Political strikes on weekdays are unlawful in the UK. Now two champions for workers' rights have published a pamphlet challenging this view.
Stuart Weir
21 September 2011

You were perhaps one of the half million of us who marched on 26 March on the TUC’s Day of Action in protest against the coalition government’s savage austerity policies. Did you, like me, fail to reflect on why the march took place on a Saturday rather than a working day? It may of course have been because the TUC wanted to avoid adverse media criticisms or disrupting the economy etc. But it may well be that the TUC was conscious that employed trade unionists would have taken part on a week-day in defiance of current trade union law which prohibits strike action which may have a political motive (as well as ‘secondary’ and solidarity strikes).

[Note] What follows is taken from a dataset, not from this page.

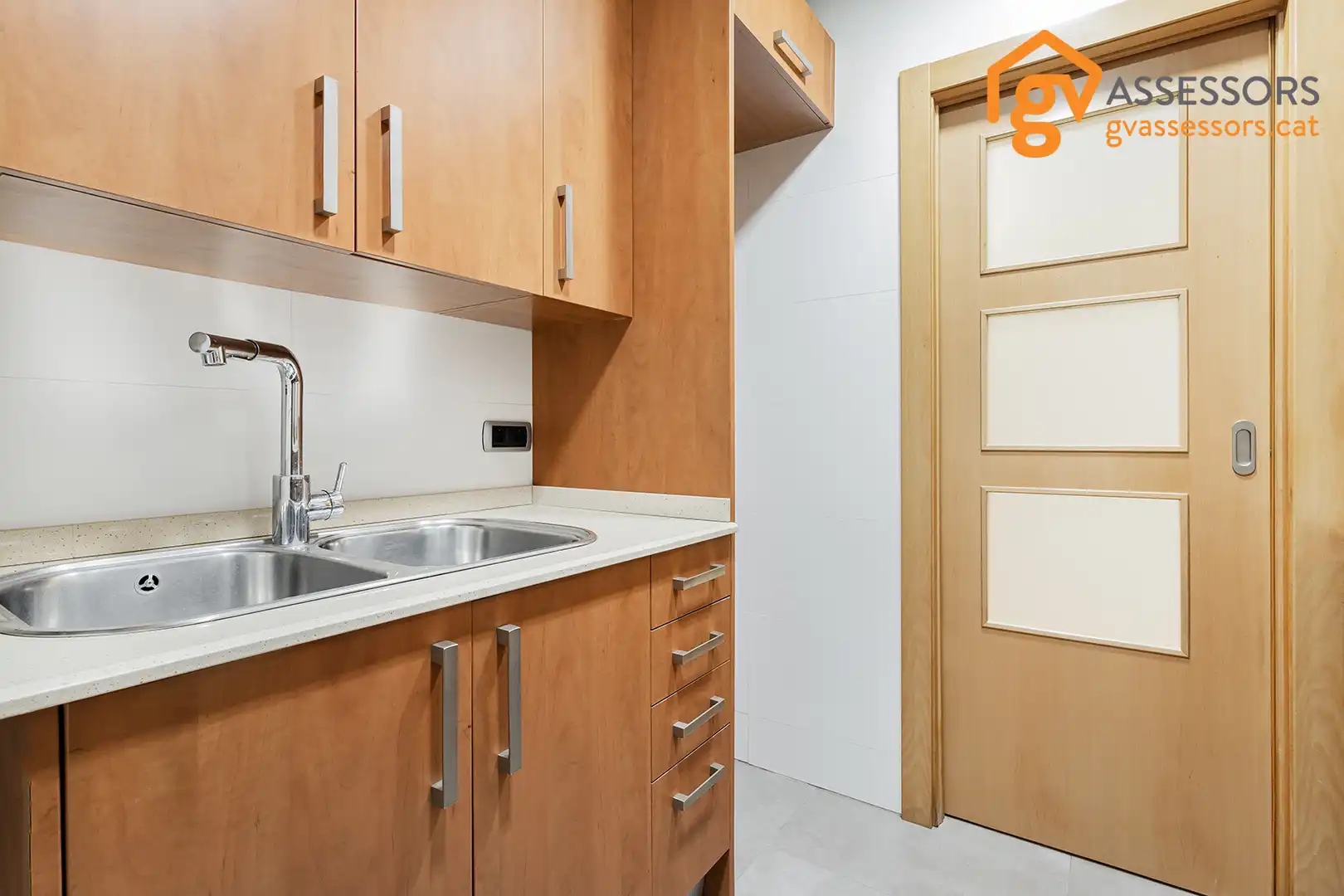 Küche von Wohnung zum Verkauf in Barcelona mit Klimaanlage, Heizung und Parkett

The ban on political strikes certainly inhibited the TUC from joining the European TUC’s European Day of Action on 29 September 2010 in protest against the austerity measures adopted by almost all EU member states and by the EU itself. Hundreds of thousands of workers across Europe left their work and took part. But 29 September was a Wednesday and the TUC decided not to call on British workers to join their European comrades.

Now in a pamphlet from the Institute of Employment Rights, entitled Days of Action (which has a nice Ken Loach feel to it), Keith Ewing and John Hendy challenge the orthodox view that a Day of Action, or political strikes, taking place on a weekday, would be unlawful. Ewing, an academic lawyer at King’s College, London, and Hendy, a barrister, have for years championed the cause of trade union and workers’ rights in our remarkably hostile courts. (Ewing sets out the shocking legal saga in Trade Unions, Freedom of Association and the Right to Strike, a forthcoming Democratic Audit paper.)

They argue that recent jurisprudence in the European Court of Human Rights has turned the attitude of the British courts on its head and conclude that “such a call [for a Day of Action] and participation in the action should be protected by Article 11 of the European Convention on Human Rights and Fundamental Freedoms” . Given that the government’s refusal to re-consider its policies will give rise to more industrial disputes and demonstrations, marches and rallies, it is likely that non-attendance at work will be an incidental or deliberate consequence of the latter forms of protest.

Ewing and Hendy go on to spell out why they believe that these actions should be protected in British law. Their view depends on the rulings and statements in recent cases by judges in the European Court. Anyone who is wondering why the Conservative-led coalition is seeking to “reform” the Court should read on!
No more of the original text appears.